Physical Inference: How the brain represents mass

New fMRI experiments and machine learning are helping to identify how the mass of objects is processed in the brain.
  1. Grant Fairchild
  2. Jacqueline C Snow  Is a corresponding author
  1. University of Nevada Reno, United States

Imagine that you are driving to work along an icy road when a deer suddenly jumps into your path. Depending on the distance, you may have time to apply the brakes, or you may consider swerving to avoid a collision. Your intuitive ability to reason about the physics of objects in your environment, for instance their mass, could mean the difference between a fatal crash and a safe arrival at your workplace. However, the way that the brain computes the mass of an object remains a matter of debate. Specifically, we do not know if object mass is primarily processed in dorsal fronto-parietal areas of the cortex (a region involved in action planning), or if this information is first represented in ventral areas of the cortex (which are engaged in object perception).

In 2014 it was reported that activation patterns in ventral visual areas predicted the weight of an object about to be lifted (Gallivan et al., 2014). Conversely, in 2018 one of the present authors (JCS) and co-workers found that a patient with bilateral brain lesions that included the ventral visual cortex was, nevertheless, sensitive to object weight (Buckingham et al., 2018). Now, in eLife, Sarah Schwettmann, Joshua Tenenbaum and Nancy Kanwisher from the Massachusetts Institute of Technology report having characterized the human brain regions and computations involved in intuitive physical reasoning about mass (Schwettmann et al., 2019).

Schwettmann et al. focused on the areas of the fronto-parietal cortex that were identified in a previous study (Fischer et al., 2016). They applied machine learning to fMRI data to characterize how the mass of objects is represented in these brain areas. If an algorithm can be trained to correctly predict whether someone is looking at a heavy or a light object simply based on the patterns of activation in a specific brain region, then it indicates that this brain area actively represents mass. Furthermore, if the algorithm can predict the weight of the object the observer is viewing even when other elements in the stimulus are changed, such as composition or speed, then the representation is said to remain ‘invariant’, or stable. And indeed, Schwettmann et al. show that such invariant representations of object mass exist in the dorsal fronto-parietal cortex across three experiments (Figure 1).

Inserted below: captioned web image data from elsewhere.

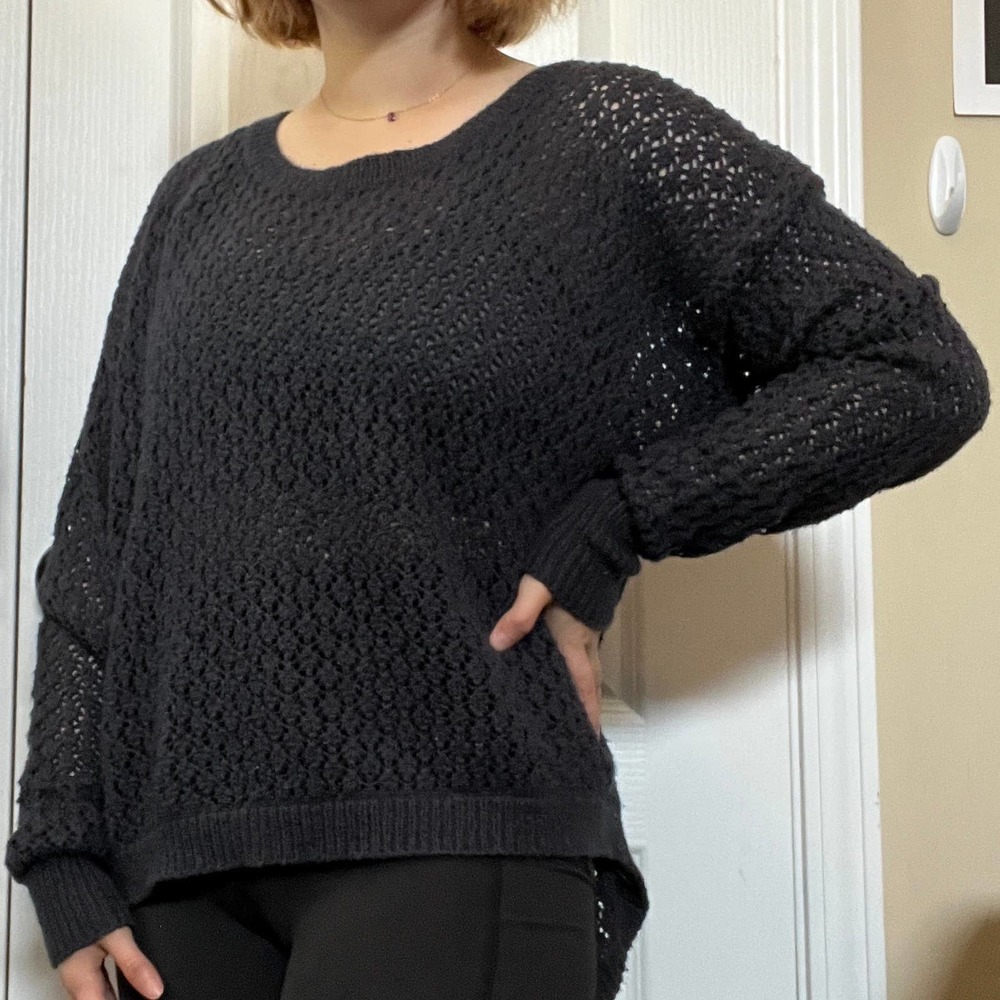 chelsea & theodore lightweight knit blue sweater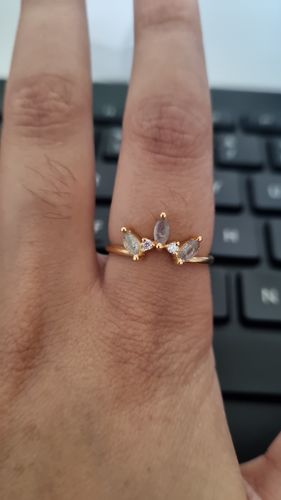 Customer photo review of Labradorite Crown Ring (Gold)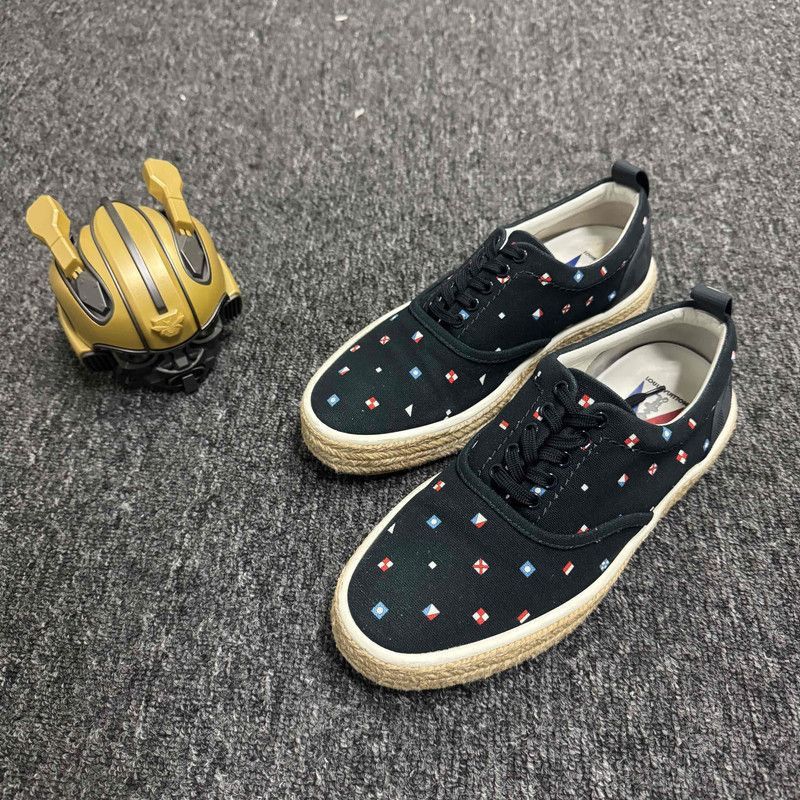 Louis Vuitton Louis Vuitton Square Print Sneakers for Men and Women - Size US 8.5 / EU 41-42 - 1 Thumbnail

Investigating dorsal representation of object mass.

Schematics showing the three experiments performed by Schwettmann et al: in the first experiment, participants watched brief movies depicting basic geometric shapes of low or high mass (left, top). Participants were asked to judge the mass of the object shown in each movie. The second experiment used the same set of movies, except that the participants were required to judge the color of the object in half of the trials. In the final experiment, the geometric solids depicted in the movies were comprised of four different surface materials (lego, aluminum, cardboard, cork) that moved differently when the object slid down a ramp because of differences in mass and friction (left, bottom). Together, the experiments identified dorsal regions that consistently represent object mass, and showed that these representations are both automatic and invariant.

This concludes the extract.